# Metapack Access Example



[Metatab](http://metatab.org) is a system for documenting data set metadata, which the program [metapack](https://github.com/CivicKnowledge/metapack) uses to create data packages. You can also us the metapack python module to access data packages from the web, which provides easy access to documentation and pandas data frames in Jupyter notebooks. 

To start, you'll need to install metatab, which you should be able to do with:

> pip install metatab

The system is under active development, so if there are problems, you can install the latest development versions of the important modules with the [development requirements.txt file on github:](https://github.com/CivicKnowledge/metapack/blob/master/dev/requirements.txt) 

> pip install -r https://raw.githubusercontent.com/CivicKnowledge/metapack/master/dev/requirements.txt

After installing the module, you should be able to run the code in this notebook. 

# Metapack Packages

Metapack packages are collections of files that contain data and metadata. Metapack has several package types, including [Excel](http://s3.amazonaws.com/library.metatab.org/aspe.hhs.gov-dementia_prevalence-2.xlsx), [Zip](http://s3.amazonaws.com/library.metatab.org/aspe.hhs.gov-dementia_prevalence-2.zip), CSV, File systen and S3. Most of the time with Jupyter notebooks, you will use the CSV packages, but the ZIP and Excel packages will also work. 

First, you'll need to get a reference to a package.
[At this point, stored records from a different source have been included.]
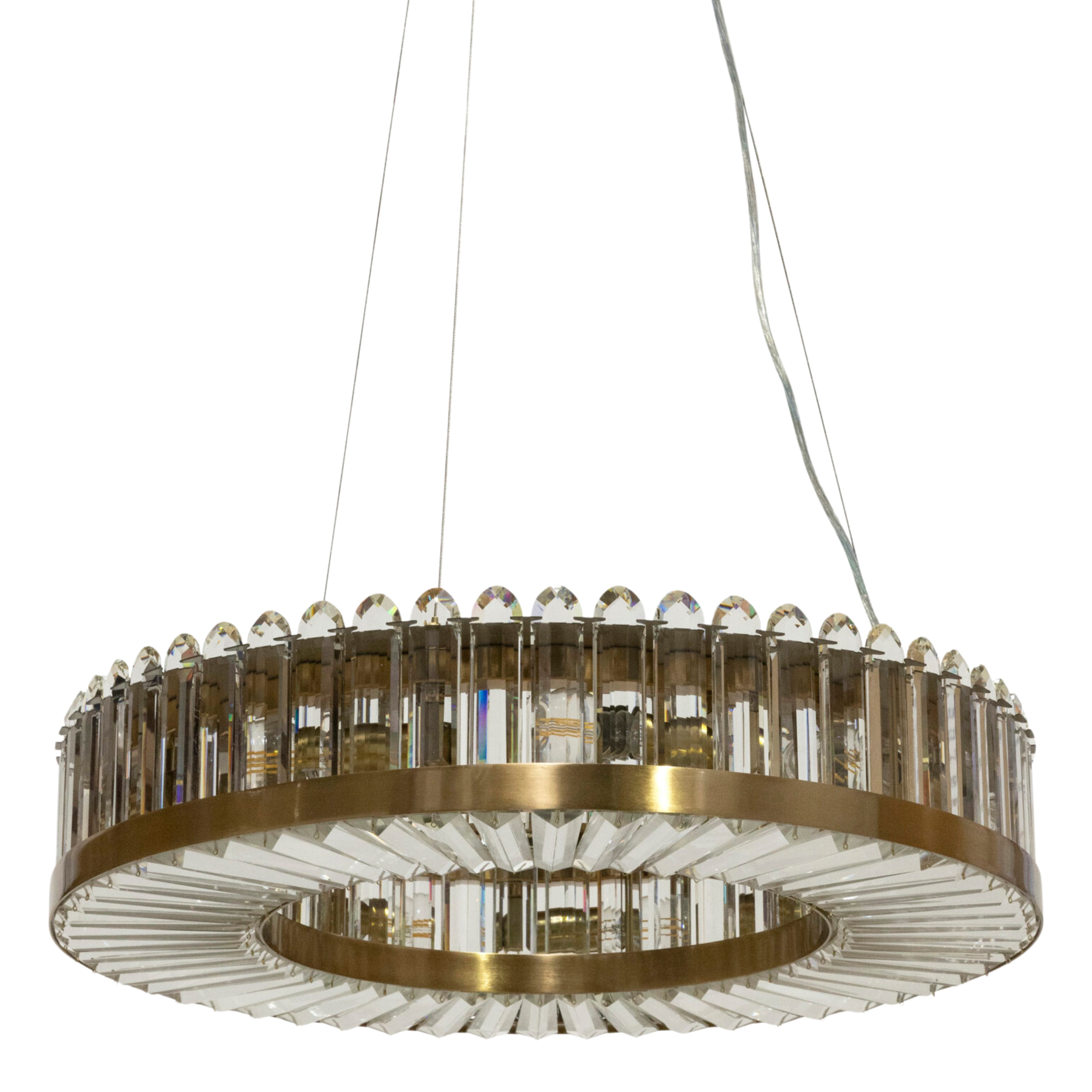 Varapoha Brushed Brass Crystal Round Chandelier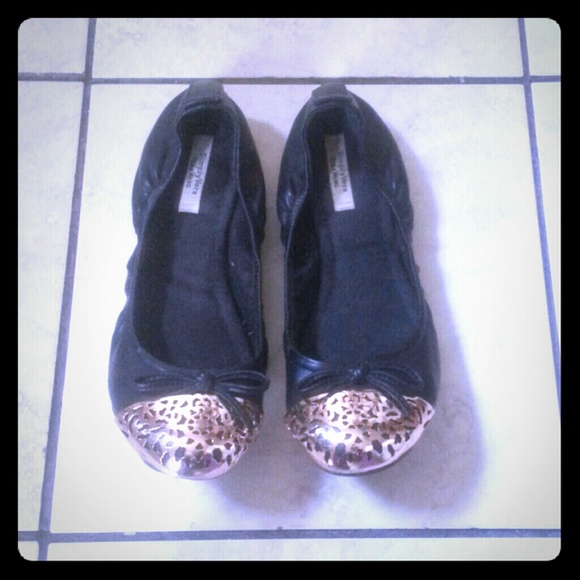 Faux Leather Metal Tip Ballet Flats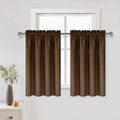 DWCN Brown Blackout Curtains for Small Window, Thermal Insulated Energy Saving Room Darkening Curtains for Kitchen/Bedroom (W42 x L36…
Most often, you'll get these from our (CKAN Data Repository at data.sandiegodata.org)[http://data.sandiegodata.org]. In this example, well use the [Community Reinvestment Act Disclosure Files](http://data.sandiegodata.org/dataset/ffiec-gov-cra_disclosure_smb_orig-2010_2015). 

First, visit the [data package page in the data repository](http://data.sandiegodata.org/dataset/ffiec-gov-cra_disclosure_smb_orig-2010_2015). The files list will have both data package files and data files. The data package files are the ones that start with the name of the package, `ffiec.gov-cra_disclosure_smb_orig-2010_2015-2`. SO, these are package files: 

* `ffiec.gov-cra_disclosure_smb_orig-2010_2015-2.csv`
* `ffiec.gov-cra_disclosure_smb_orig-2010_2015-2.zip`
* `ffiec.gov-cra_disclosure_smb_orig-2010_2015-2.xlsx`


The last one, the `.csv` file, is the CSV package. Using CSV packages is usually most efficient because you only need to download the data files that you use. So, the first step is to get the CSV package URL. From the [data package page on the CKAN repository](http://data.sandiegodata.org/dataset/ffiec-gov-cra_disclosure_smb_orig-2010_2015) you can:

1. Click on the "Explore" button next to the CSV package file, then right-click on "Go to resource" to copy the URL. 
2. Click on the name of the CSV package, then copy the URL at the top of the following page. 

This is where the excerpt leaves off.